Valentín Justel Tejedor

España



 

Harry había vivido una vida extremadamente peligrosa e intensa, dedicada a una profesión de alto riesgo, como reportero de guerra. En su memoria se almacenaban infinitas anécdotas y hechos, relacionados con la crueldad y la barbarie, que generan los conflictos armados.
 
En su retina, todavía parecía reflejarse un peculiar brillo, que pudiera evocar las desgracias y pesadumbres, a las que había tenido que asistir en primera persona. Para Harry la fotografía no ofrecía respuestas, pero si preguntas; era una forma más de interactuar con la realidad.
 
Así, cuando alguien le inquiría acerca de sus sufridos años como fotógrafo de guerra, únicamente respondía, que aquellos eran tiempos pasados, y que prefería centrarse en el presente, y olvidar aquellos terribles momentos retrospectivos.
 
Ahora, Harry llevaba una vida sosegada, y sin sobresaltos en el apacible pueblo de Castle Combe, donde había instalado en una preciosa casa con tejado de pizarra a dos aguas, ventanas en cuadrícula, y verdinas yedras trepadoras, situada en Market Cross, el corazón de Castle Combe, un pequeño negocio, dedicado a la venta de aparatos de imagen y sonido, así como un moderno estudio fotográfico.
 
Allí acudían los habitantes del pueblo para adquirir sus cámaras fotográficas, y en ocasiones para retratarse, por éste excelente fotógrafo; también acudían allí frecuentemente numerosas oleadas de turistas, buscando accesorios para sus aparatos videográficos. No en vano, esta población de la campiña inglesa tiene una singular y primorosa belleza.
 
Uno de aquellos días del mes de mayo de dos mil nueve, se presentó en el establecimiento de Harry, Eileen una mujer viuda, que iba acompañada de una de sus nietas, Brooke.
 
Eileen, había tenido una vida llena de desgracias y vicisitudes. Durante varios años sufrió episodios de violencia de género por parte de su marido. Una de sus hijas falleció en accidente de tráfico a la edad de dieciocho años, y todo aquello tenía reflejo en su bello rostro, el cual, acusaba cierta melancolía, que no trataba de disimular.
 
El motivo de acudir al establecimiento de Harry, era que su nieta Brooke, necesitaba unas fotografías para presentarlas en el instituto, con la finalidad de formalizar la matrícula.
 
Así, después de retratar a Brooke, Harry invitó a Eileen a que se hiciera unas instantáneas.
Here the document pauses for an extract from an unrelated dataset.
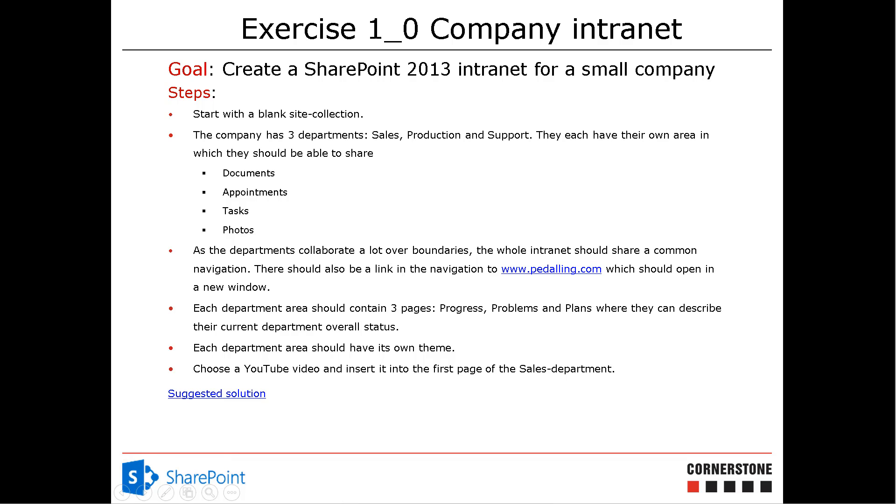Hi, I'm Peter Kalmstrom of Kalmstrom.com Business Solutions. In this demonstration, I'll finalize this series of videos on building a company intranet with PowerShell for SharePoint.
Ella en un principió se negó categóricamente, pero su nieta Brooke, insistió de tal modo, que no tuvo más remedio que aceptar.
 
Harry, a través del objetivo de su cámara, como buen fisonomista, enseguida entendió que aquel rostro estaba inmerso en la apatía, la desilusión y el desanimo.
 
Pronto, salió del entorno de su cámara, y dirigiéndose a Eileen amablemente, le dijo:
 
- Debe Vd. sonreír.
 
Forzadamente, Eileen comenzó a esbozar una tímida sonrisa en su rostro.
 
Harry, le insistió:
 
- Debe Vd. sonreír de forma más natural, mire que si es necesario me pongo a bailar unos pasos de claqué, o me disfrazo de payaso, que lo tengo especialmente preparado para los niños renuentes.
 
- Con lo guapa que es Vd. debería tener una sonrisa de cine.
 
Aquella frase halagadora hizo brotar súbitamente su sonrisa, y también el enardecido sonrojo de su rostro.
 
- Así esta mucho mejor, no ve que a mi sólo me gusta retratar la felicidad de la personas, dijo Harry.
 
Eileen, quedó en que pasaría a recoger las fotografías en un par de días.
 
Así transcurrido el plazo, al regresar al establecimiento de Harry, el semblante de Eileen era algo menos cariacontecido que anteriormente. Harry percibió de inmediato, la mejoría en su estado de ánimo.
 
- Buenos días Sra. Eileen, ha quedado Vd. esplendida en las fotos.
 
- ¡A ver! Sí, es cierto, hacía mucho tiempo que no sonreía así, y eso quizá ha conseguido realzar la expresión de mi rostro.
 
- Bueno, imagino que Vd. habrá tenido también algo que ver Señor Harry, respondió Eileen.
 
- Ya le dije que me limitaba a captar la felicidad, y en una sonrisa aunque sea pequeña, hay grandes dosis de felicidad, ¿no cree Sra. Eileen?
 
- Sr. Harry para mi como Vd. dice, en estos momentos de la vida tan sólo pueden existir exiguos oasis de alegría, pues mi pasado es un plúmbeo lastre, del que no consigo desprenderme fácilmente.
 
- En ese sentido, le reconforta saber Sra. Eileen, que yo durante muchos años he trabajado como corresponsal de guerra, cubriendo informaciones en los cinco continentes y retratando el dolor más crudo e inhumano de los conflictos bélicos.
 
- ¿Y como tiene Vd. ahora ese espíritu tan optimista y vital Sr. Harry?
 
- Pues muy sencillo, cuando deje mi trabajo, me propuse un reto personal.
 
- ¿Cual?, preguntó con gran interés y curiosidad, Eileen.
 
- Pues que desde ese mismo instante, sólo pondría mi mirada en las cosas bellas de la vida.
 
- Por eso en mis fotografías solo se plasma la felicidad.
 
- Que bien suena eso.
 
- Verdad que sí, Sra. Eileen.
 
- Bueno Sr. Harry disculpe, le estoy entreteniendo sin darme cuenta.
 
- No me entretiene, me agrada mucho su conversación, ah!, y tome las fotos son un regalo.
 
- Muchas gracias, señor Harry.
 
- -Que tenga un buen día Sra. Eileen, ¡ah! y espero volver a verla pronto por aquí (…)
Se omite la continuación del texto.